July 17, 2008 | | 4

Harvey Milk, Life... The Best Game In Town

Don’t let the first few minutes of the opening track on Harvey Milk’s fifth release Life… The Best Game In Town fool you. Despite the softer start to the album, the band has plenty sludge and pummel for your ass the rest of the trip. Building on ridiculously thunderous rhythms, Harvey Milk hit hard and heavy with 10 tracks of inventive, technical proficiency that will leave you lapping up the sludge off the floor wanting more.

Guitars belch out static and reverb over top of gurgling riffs and Southern fried hooks. The drumsticks much be made out of lead as they burst through the speakers with devastating force. The combination of the sludgy guitars with the hurricane force rhythms only reinforce the gruff vocals, shoving them forcefully down your gullet.

Death Goes to the Winner
The album’s opener starts off with creepy, pyschodelic harmonized vocals and lightly plucked, clean guitars for a solid minute and a half. The 1:38 point on the track marks the entrance of stoner, southern fueled sludgy riffs and thundering drums. It’s all delivered at a relatively slower pace, but no less bludgeoning. Creston Spiers’ vocals also come in at this point with a gruff, raw delivery. What a hell of a way to open up the album.

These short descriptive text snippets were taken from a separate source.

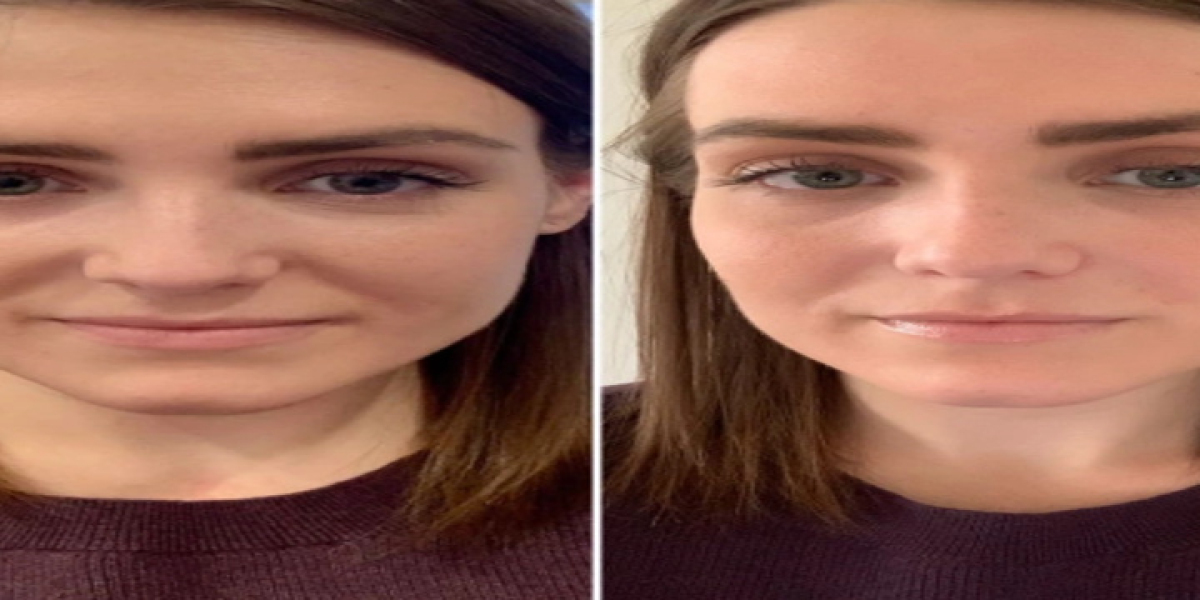 Best Aesthetic Clinic in Dubai PRP Injection Recovery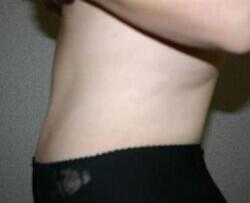 Tummy Tuck Before & After Image
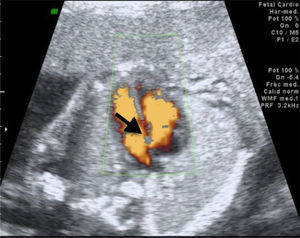 Axial cut at the heart level with the presence of membranous interventricular communication.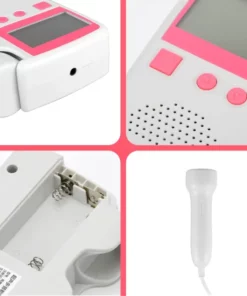 Prenatal Fetal Doppler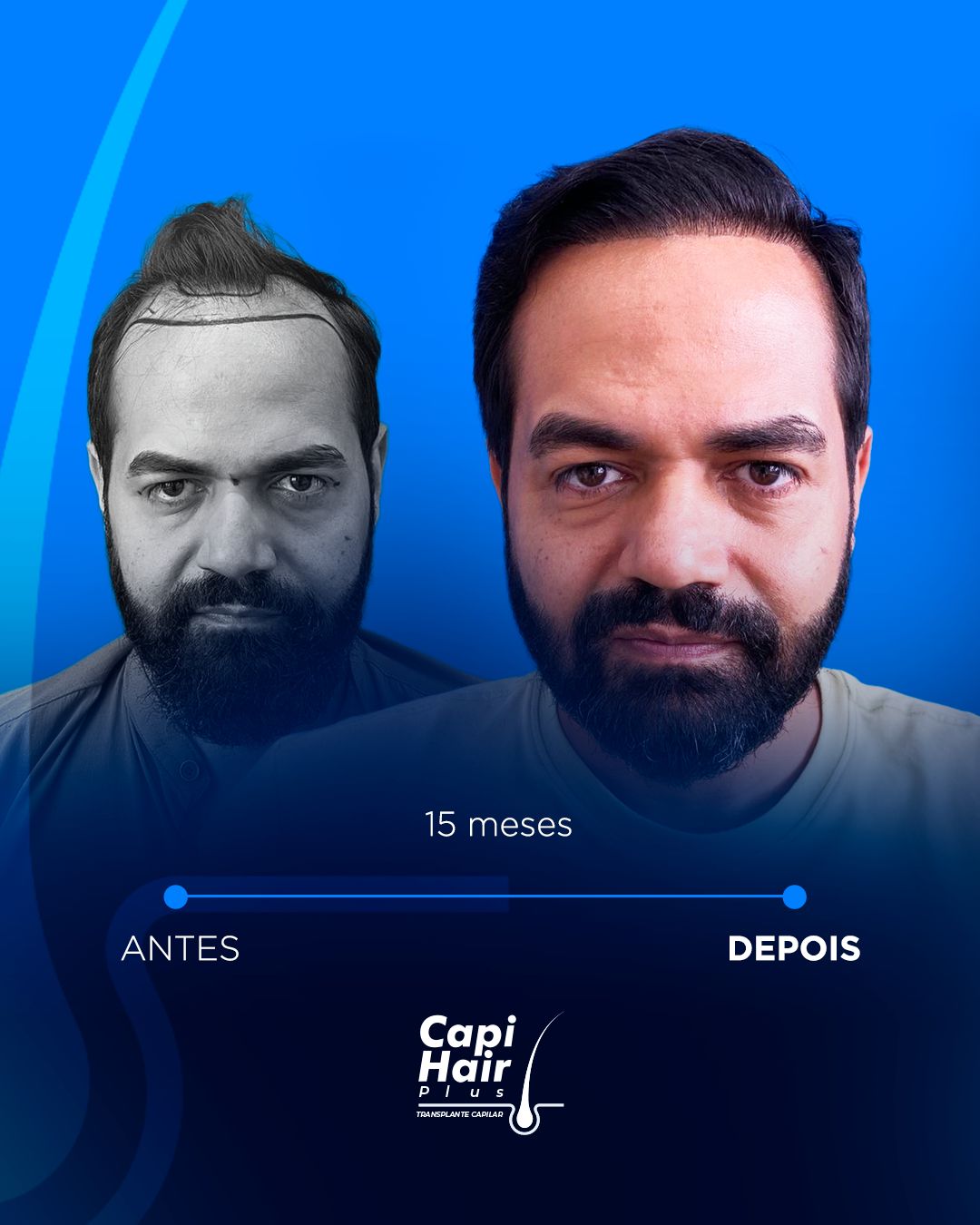 capihair-antes-depois-pacientes (1)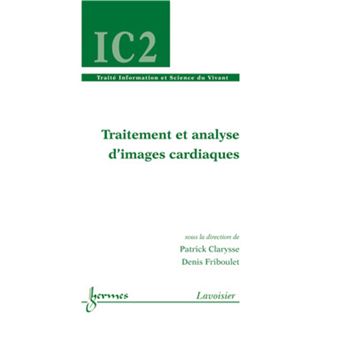 Traitement et analyse d'images cardiaques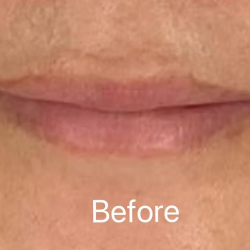 Lip Filler Before & After Patient #2354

Nearly eight minutes after the opening track started, “Decades” comes in with a steady drum beat and thick guitars. It’s definitely got a doomier feel to it as it moves monotonously along like a trudging giant, dragging his massive tree truck club behind him. This song is suffucatingly heavy.

After All I’ve Done For You, This Is How You Repay Me?
I love the opening guitar work and manic drums that gets this next song moving along at a quicker pace. If you don’t sprain your neck in the first 30 seconds banging the hell out to this one, you need to re-evaluate your devotion to metal. Thick, super sludgy guitars come in just as the track hits the two minute mark, slowing the pace down to a crawl. Three and a half minutes later the baddest instrumental I’ve heard in a long time comes to an end.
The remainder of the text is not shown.